(Web page caption snippets)
───

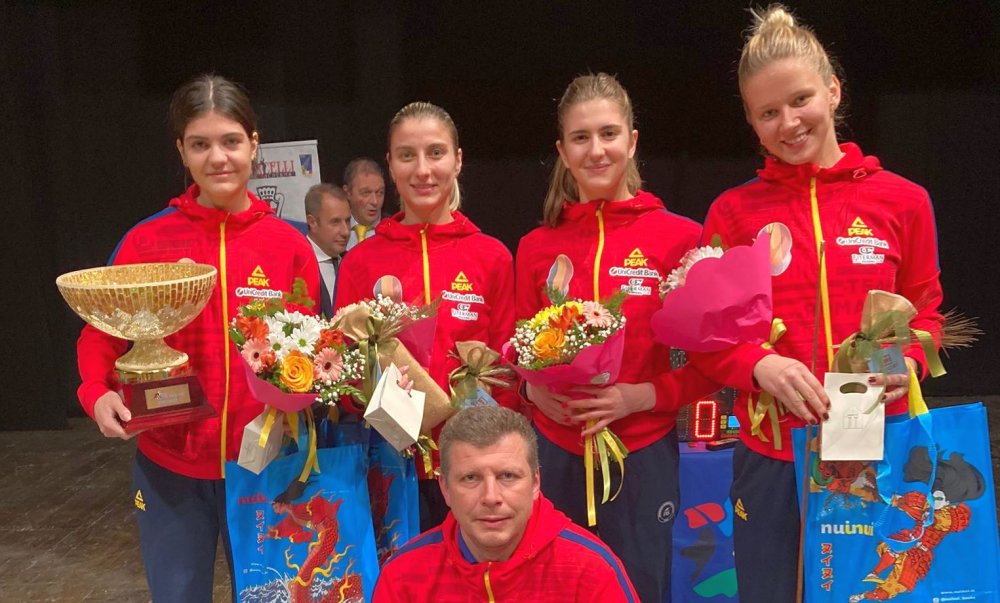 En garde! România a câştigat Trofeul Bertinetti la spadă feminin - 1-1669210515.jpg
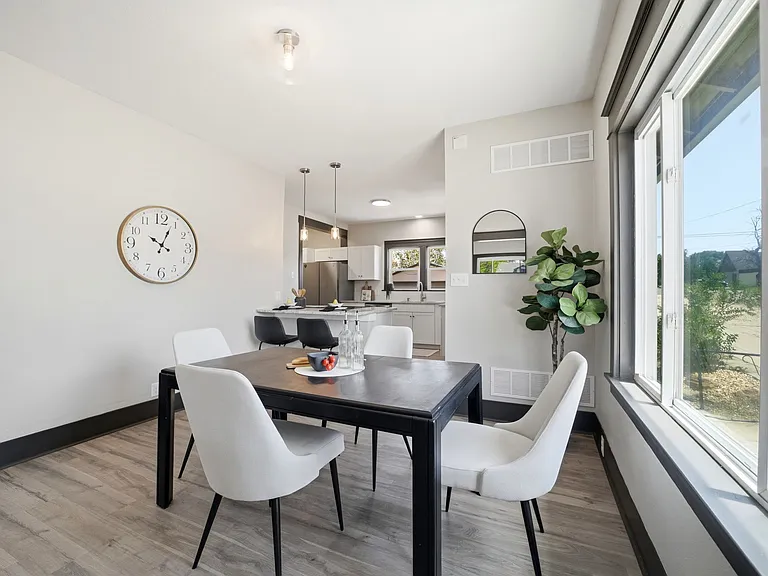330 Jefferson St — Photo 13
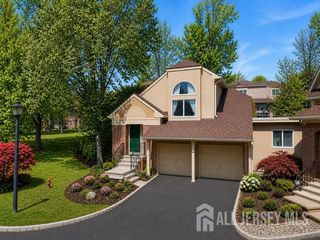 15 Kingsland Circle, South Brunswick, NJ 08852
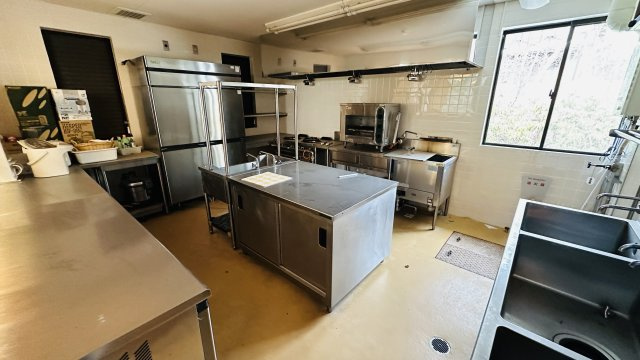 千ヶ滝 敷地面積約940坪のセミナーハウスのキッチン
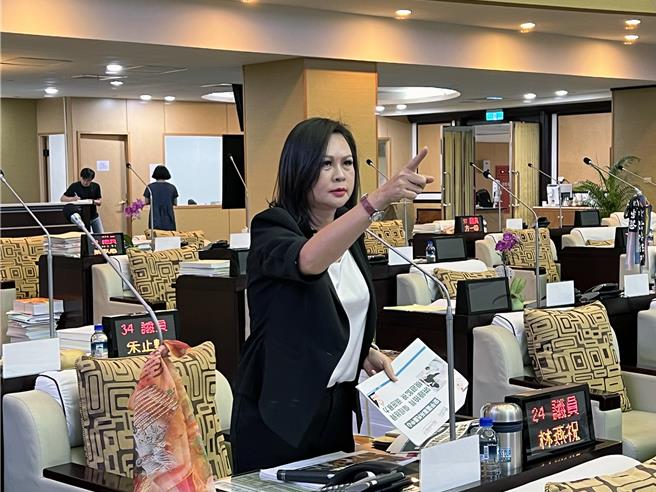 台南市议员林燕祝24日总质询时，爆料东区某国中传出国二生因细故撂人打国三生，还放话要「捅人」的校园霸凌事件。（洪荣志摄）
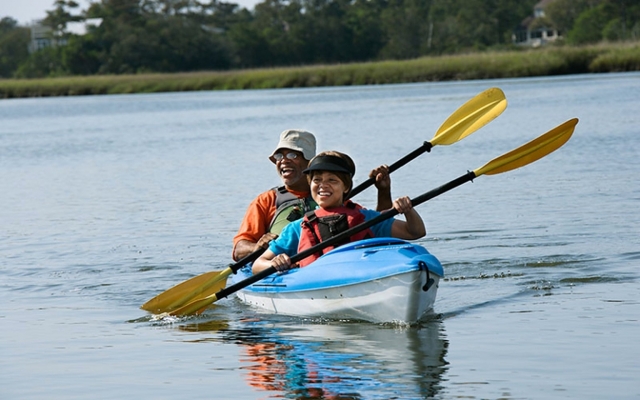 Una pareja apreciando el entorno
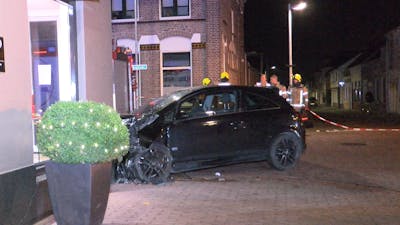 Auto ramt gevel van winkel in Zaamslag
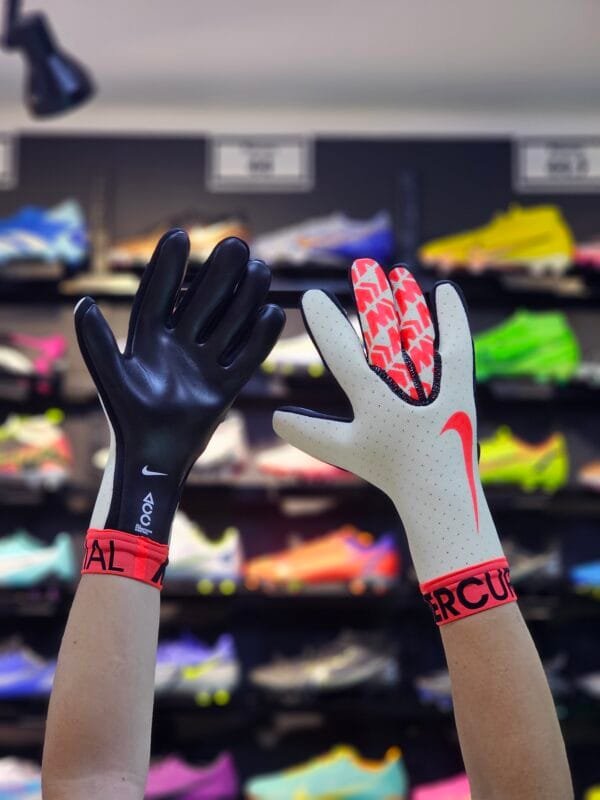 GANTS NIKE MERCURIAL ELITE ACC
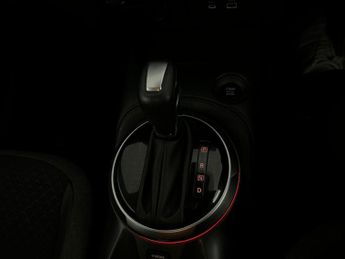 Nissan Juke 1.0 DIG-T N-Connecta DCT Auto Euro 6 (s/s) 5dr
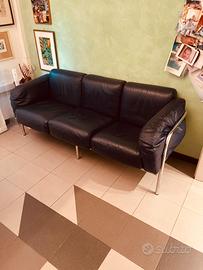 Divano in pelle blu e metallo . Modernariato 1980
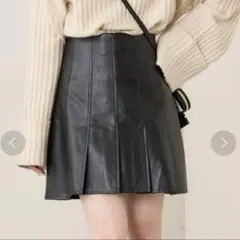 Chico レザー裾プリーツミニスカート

───

[Problem statement]
Excluding the pictures, retype the line containing "15 Kingsland Circle, South" and all lines after it down to the end of the data above.

[Your solution]
 15 Kingsland Circle, South Brunswick, NJ 08852
 千ヶ滝 敷地面積約940坪のセミナーハウスのキッチン
 台南市议员林燕祝24日总质询时，爆料东区某国中传出国二生因细故撂人打国三生，还放话要「捅人」的校园霸凌事件。（洪荣志摄）
 Una pareja apreciando el entorno
 Auto ramt gevel van winkel in Zaamslag
 GANTS NIKE MERCURIAL ELITE ACC
 Nissan Juke 1.0 DIG-T N-Connecta DCT Auto Euro 6 (s/s) 5dr
 Divano in pelle blu e metallo . Modernariato 1980
 Chico レザー裾プリーツミニスカート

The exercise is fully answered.